I really hate this story.
Specifically, I hate the protagonist, and his smarmy, smug hipsterism. Yes, Writer Man, ONLY YOU see through the fakery. ONLY YOU are the secret master of literacy who can duplicate commercial products with your amazing skill and become like unto a god, and it is only your forbearance and disinterested attitude that keeps you from exercising your power, for after all, what use are those mortal trinkets compared to your ART? And naturally, that Art is far, far too fine and elegant for the crass world to every understand or appreciate.
I hate this man because I recognize that attitude. I had it, once. I thought that I was better than everyone, smarter than everyone, and that the only reason I didn't win every academic award was because I didn't feel like trying hard enough. I made it out of that morass and learned a little bit about reality, but it was a hard and bitter struggle, and I was a god-damned worthless slug of a human being while it was going on. I'm still pretty damned arrogant; this is me AFTER I learned humility, to give you an idea of how insufferable I was.
I hate the story because it coddles this self-absorbed little twit. It creates a world for him in which he really is special, in which he really could be the greatest writer ever, if he but stretched out his hand to take it. It glorifies his quirks into signs of deep wisdom and sings paeans to his inability to say hello to a freaking woman at a coffee-shop because he is so sensitive.
The story looks at pop culture and remix culture and sneers. Derivative tripe, it says, but then, it's what everyone wants. The Philistines. Real artists, true creatives, are above that, on a separate plane, and only pulled down into the muddle because the world is inescapable.
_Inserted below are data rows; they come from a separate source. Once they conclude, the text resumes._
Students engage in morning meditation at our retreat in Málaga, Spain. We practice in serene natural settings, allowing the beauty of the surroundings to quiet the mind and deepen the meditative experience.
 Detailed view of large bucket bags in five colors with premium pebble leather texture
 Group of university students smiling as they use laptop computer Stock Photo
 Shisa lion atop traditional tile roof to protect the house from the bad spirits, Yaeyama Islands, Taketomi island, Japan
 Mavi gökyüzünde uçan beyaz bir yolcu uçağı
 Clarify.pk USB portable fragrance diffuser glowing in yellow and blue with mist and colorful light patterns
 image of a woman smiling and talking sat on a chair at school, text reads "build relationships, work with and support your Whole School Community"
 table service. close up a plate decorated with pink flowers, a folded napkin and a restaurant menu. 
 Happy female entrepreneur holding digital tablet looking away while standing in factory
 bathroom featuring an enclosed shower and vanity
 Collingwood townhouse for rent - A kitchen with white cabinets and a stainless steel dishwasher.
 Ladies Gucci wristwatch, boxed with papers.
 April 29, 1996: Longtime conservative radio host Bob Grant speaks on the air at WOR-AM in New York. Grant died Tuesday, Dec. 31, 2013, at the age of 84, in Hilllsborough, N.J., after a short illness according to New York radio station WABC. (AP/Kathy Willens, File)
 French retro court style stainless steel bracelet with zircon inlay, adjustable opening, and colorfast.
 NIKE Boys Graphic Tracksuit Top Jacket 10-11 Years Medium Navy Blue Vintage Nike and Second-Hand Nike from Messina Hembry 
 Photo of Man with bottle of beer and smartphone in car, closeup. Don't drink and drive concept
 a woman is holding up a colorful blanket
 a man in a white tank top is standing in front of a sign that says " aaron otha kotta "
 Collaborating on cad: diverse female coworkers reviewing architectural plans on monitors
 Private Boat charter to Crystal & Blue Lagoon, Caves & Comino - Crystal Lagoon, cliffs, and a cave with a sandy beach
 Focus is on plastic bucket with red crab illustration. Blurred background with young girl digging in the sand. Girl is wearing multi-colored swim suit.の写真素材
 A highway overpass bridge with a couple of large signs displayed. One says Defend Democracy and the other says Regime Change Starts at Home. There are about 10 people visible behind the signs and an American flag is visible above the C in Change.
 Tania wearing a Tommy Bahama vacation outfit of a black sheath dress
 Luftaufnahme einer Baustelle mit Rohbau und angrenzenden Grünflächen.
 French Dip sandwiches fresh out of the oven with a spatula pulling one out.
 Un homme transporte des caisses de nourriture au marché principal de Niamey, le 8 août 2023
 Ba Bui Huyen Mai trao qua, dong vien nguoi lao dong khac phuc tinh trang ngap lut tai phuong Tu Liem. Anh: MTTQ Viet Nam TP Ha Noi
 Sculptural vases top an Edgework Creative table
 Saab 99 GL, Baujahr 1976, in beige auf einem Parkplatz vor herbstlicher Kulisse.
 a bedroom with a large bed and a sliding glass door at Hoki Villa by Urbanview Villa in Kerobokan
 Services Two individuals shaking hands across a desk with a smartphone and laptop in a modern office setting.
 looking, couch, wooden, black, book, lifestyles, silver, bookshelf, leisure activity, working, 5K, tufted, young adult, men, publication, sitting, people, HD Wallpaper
The story sighs wistfully at the thought of the pure Art that might be if only the world recognized its genius, if only it were left alone to tap that magical solitary ability it has to touch a higher level. On behalf of all of the pop culture makers, the singers and writers and artists who work hard on that crappy third-tier sitcom, on that commercial for absorbent wipes, on that bouncy teenybopper song, nuts to that noise. Real art IS derivative, because real art, art that speaks to people, art that has something to say and the ability to let people hear it, is art that is made OF and WITH the world, connected to it and spun of its fabric. Art is a conversation, not some Platonic ideal. I often remark that the last truly original statement was, "Let there be light," and everything since then has been building on what went before. (And frankly, I wouldn't be surprised if He'd cribbed it from some other universe.)
I struggle with this even now, because I've got kind of an offbeat sensibility about things, and the stories I write tend to go over peoples' heads. THIS IS NOT A STRENGTH, BUT A WEAKNESS. If I can't write in a way that people understand, then I might as well not write at all. Those who love me tell me that I'm just "smarter" or "better" or whatever, and God help me but I want to believe that, I do, and I get angry when people say, "I don't get it. What did this mean?" in response to something I think is clear. When I recover from that, I regard it as a failure, a lapse on my part, because there is no such thing as art that is too good to be understood, too refined to be appreciated, too original to be successful.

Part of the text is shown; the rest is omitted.